LA POESIE DE HENRI HEINE
D'APRES UN LIVRE RECENT

La question s’est posée il y a quelques années de savoir si l’on devait élever à Mayence un monument en l’honneur de Henri Heine ; un écrivain de là-bas, M. Fischer, imagina de recueillir sur ce grave sujet l’avis des plus considérables entre ses compatriotes, et ouvrit dans la Gazette de Francfort une de ces enquêtes qui sont comme un appel à la sottise des gens d’esprit. Les choses se passèrent tout à fait comme elles se passent chez nous : les réponses furent saugrenues autant qu’on le pouvait souhaiter. M. Fischer les a réunies en volume[1] : si les publications de ce genre parviennent à la postérité, elles porteront de nous un témoignage cruel. Ce qui ressort de cette consultation, c’est que Henri Heine ne peut avoir une statue en Allemagne, d’abord parce qu’il a trop médit des Allemands, mais surtout parce qu’il était juif. D’autre part, il est peu probable que nous dressions le buste de l’exilé sur quelqu’une de nos places publiques ; une plaque satisferait le zèle de ses plus fervens admirateurs.
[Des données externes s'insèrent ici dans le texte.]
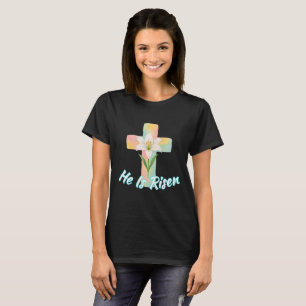 Ostkreuz Er ist auferstanden T-Shirt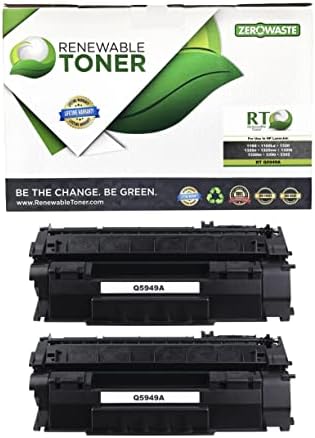 Yenilenebilir Toner Uyumlu Toner Kartuşu HP yedek malzemesi 49A Q5949A Lazer Yazıcılar 1160 1320 3390 3392 (2'li paket)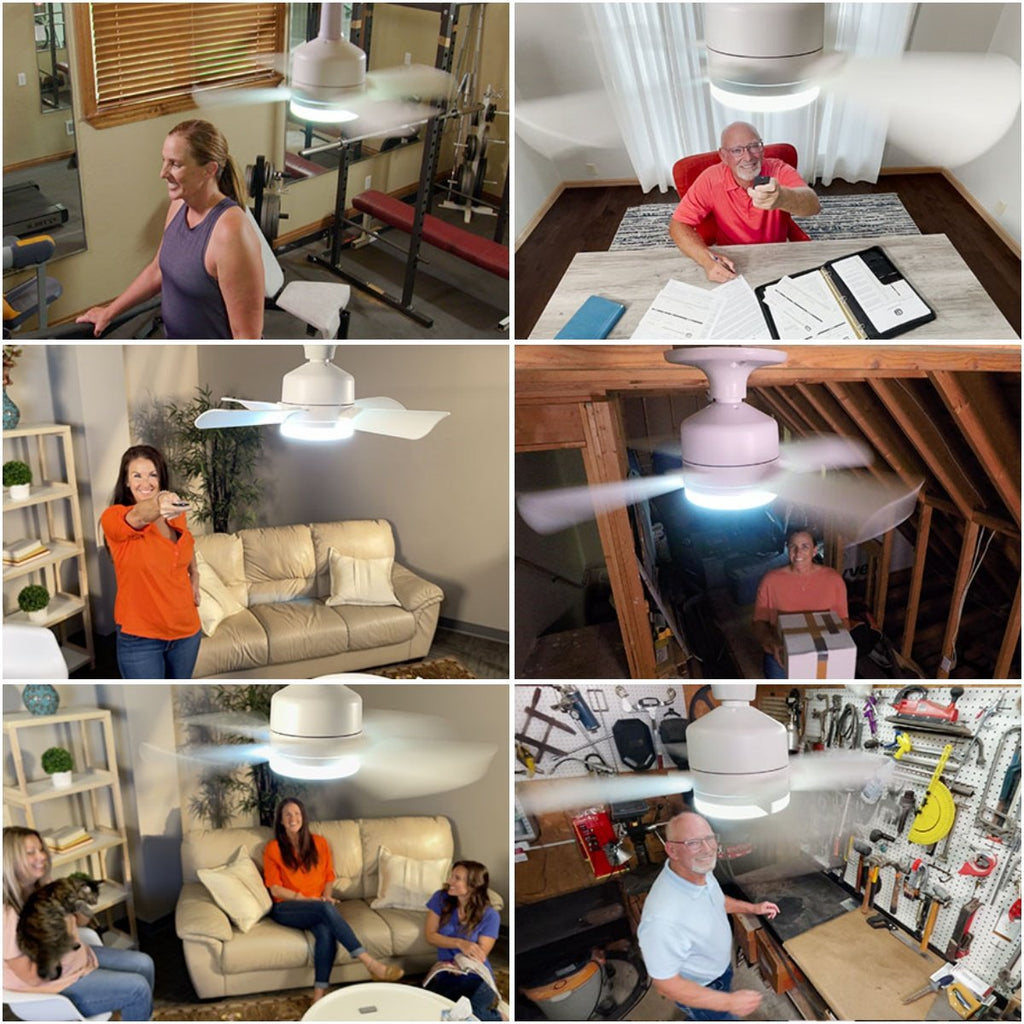 🏆LAST DAY SALE 30% OFF🔥SmartBreez™ LED Ceiling Fan Light – 20.5” Ultra-Quiet with Remote 🎯 | E27 + FREE B22 Adapter 🔌 | For Bedroom 😴, Kitchen 👩‍🍳 & Garage 🛠️ – UK Ready! 🇬🇧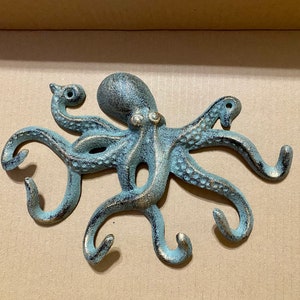 Large Octopus Wall Hook cast Iron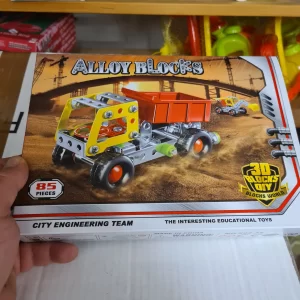 Slagalice vozila metalna konstrukcija, mix JonoToys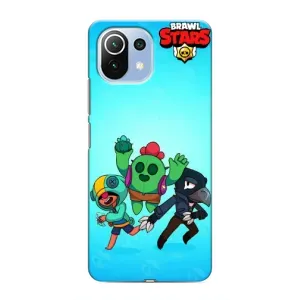 Чехлы Brawl Stars для Xiaomi Mi 11 Lite (AlphaPrint) (Тріо героїв)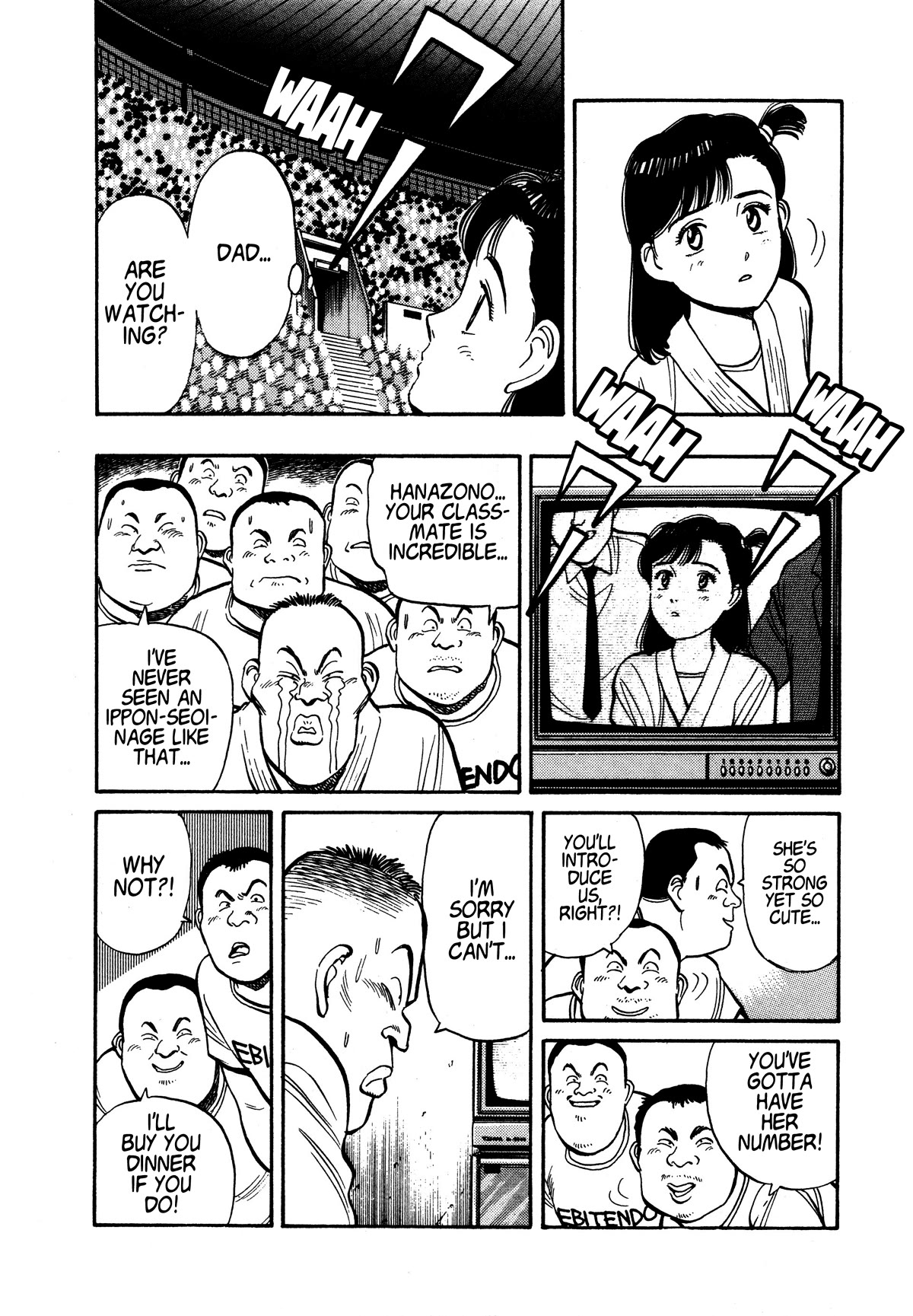 Yawara! Chapter 95 page 8 - Chapter 95: The Final Four Of Seoul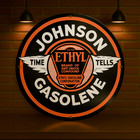 Johnson Gasolene Time Tells Ethyl Wings Heavy Metal Sign Xl - 19 7   50 Cm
C’est ainsi que la destinée du poète continue, en dépit de la mort, d’être pareille à elle-même : son ombre reste incertaine et errante : pour avoir eu deux patries, il n’en a pas une. Je ne doute pas que cette mésaventure posthume ne le chagrine : il était vaniteux à la manière des poètes ; il avait, comme tous les railleurs, une susceptibilité ombrageuse. Mais la vraie façon d’honorer les poètes, ce n’est pas de leur ériger des

  1. Heinrich Heine im Licht unserer Zeit. 1 vol. ; Munich.